1.2 As condições enfrentadas pelas mulheres negras no período da escravidão

    Logo no inicio da obra, Angela diz ao leitor que é necessário compreender a situação da mulher negra escrava. Também, é preciso avaliar a condição da mulher negra como trabalhadora nas casas e lavouras. A filósofa aborda também os estereótipos vividos por essas mulheres nesse período difícil.
   Desse modo, ao relatar sobre as dificuldades e atrocidades sofridas por essas mulheres, ela afirma, a opressão sofrida pelas mulheres negras escravas nas lavouras eram as mesmas que as dos homens negros, muitas vezes até mais, devido aos abusos. A autora condena os estupros, abusos e as outras formas de violência sofridas pelas mulheres negras e os homens negros no período da escravidão, também, os abusos às mulheres grávidas e mães  junto as más condições de trabalho onde tinham que manter presente à rotina nas lavouras os seus pequenos filhos. Sendo assim, é apontada a igualdade como característica das próprias relações sociais das pessoas negras em seu cotidiano no período da escravidão, e, infelizmente, ambos sofriam variados tipos de violência. Logo, Angela aponta as diferenças entre oque eram as opressões sofridas pelas mulheres brancas e negras "As mulheres negras eram mulheres de fato, mas suas vivências durante a escravidão – trabalho pesado ao lado de seus companheiros, igualdade no interior da família, resistência, açoitamentos e estupros – as encorajavam a desenvolver certos traços de personalidade que as diferenciavam da maioria das mulheres brancas." (DAVIS, 2016, p. 40). Vejamos os traços que serão citados pela filósofa a seguir...

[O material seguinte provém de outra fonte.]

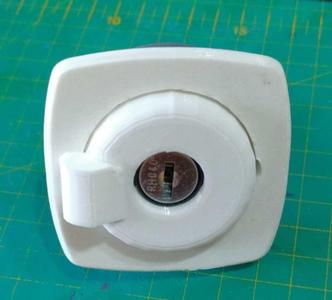MANETA POMO PUERTA PERKO V1 DOOR KNOB HANDLE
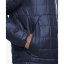 Bunda Nike Sportswear Synthetic-Fill - Farbe: Blau, Größe: S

1.3 Como as mulheres brancas lutaram também em defesa do abolicionismo 

    Ao descrever as lutas das mulheres negras no período da escravidão, Angela afirma que "Foram essas mulheres que transmitiram para suas descendentes do sexo feminino, nominalmente livres, um legado de trabalho duro, perseverança e autossuficiência, um legado de tenacidade, resistência e insistência na igualdade sexual – em resumo, um legado que explicita os parâmetros para uma nova condição da mulher." (DAVIS, 2016, p. 41).  De fato, o movimento de defesa dos direitos das mulheres e dos negros é resultado da resistência dessas mulheres perante a realidade hostil a qual estavam inseridas e suas lutas por condições mais dignas e sobrevivência. 
      É importante ressaltar que na obra são citado nomes como Frederick Douglass (1818 - 1895)  que foi um importante abolicionista negro e defensor dos direitos das mulheres no século XIX, muito julgado no seu período e Prudence Crandall  (1803 - 1890), professora que defendeu a inclusão de alunas negras na escola onde trabalhava, gerando muitos protestos de pais de alunos e pessoas influentes de sua cidade, sobre isso, Angela diz que "A defesa inabalável de Prudence Crandall do direito de pessoas negras à educação foi um exemplo dramático – e mais poderoso do que se poderia imaginar – para as mulheres brancas que sofriam as dores do parto da conscientização política. De forma lúcida e eloquente, as ações de Crandall falavam sobre as vastas possibilidades de libertação caso as mulheres brancas, em massa, dessem as mãos a suas irmãs negras." (DAVIS, 2016, p. 53).
     Posteriormente ela aborda elementos práticos e ideológicos no período da introdução do capitalismo industrial no modo que eram vistas e tratadas as mulheres, e apresenta que expandiu-se ainda mais a ideia da inferioridade feminina. Em 1831, às mulheres já lutavam por educação e sua profissão, havia também a luta contra a opressão enfrentada nos casamentos por parte das mulheres da classe média e a luta das trabalhadoras por melhores condições de trabalho e salários nas fábricas. Portanto, em 1830 tanto as mulheres brancas trabalhadoras quanto as da classe média, de certo modo, estavam ao lado do movimento por condições mais justas e humanitárias para as mulheres, mesmo que não unidas propriamente.
   A autora afirma que "Trabalhando no movimento abolicionista, as mulheres brancas tomaram conhecimento da natureza da opressão humana – e, nesse processo, também aprenderam importantes lições sobre sua própria sujeição. Ao afirmar seu direito de se opor à escravidão, elas protestavam – algumas vezes abertamente, outras de modo implícito – contra sua própria exclusão da arena política. Se ainda não sabiam como apresentar suas reivindicações coletivamente, ao menos podiam defender a causa de um povo que também era oprimido." (DAVIS, 2016, p. 55).
      Desse modo, é possível afirmar que Angelina Grimké (1805 - 1879), influente oradora e sua irmã Sarah Grimké (1792 - 1873) grande escritora de Cartas sobre a igualdade dos sexos e a condição das mulheres tiveram atitudes de suma importância para os movimentos, assim como, a atitude nobre da professora Crandall, tanto para a a defesa dos direitos, quanto da educação para mulheres e crianças negras e  brancas pobres.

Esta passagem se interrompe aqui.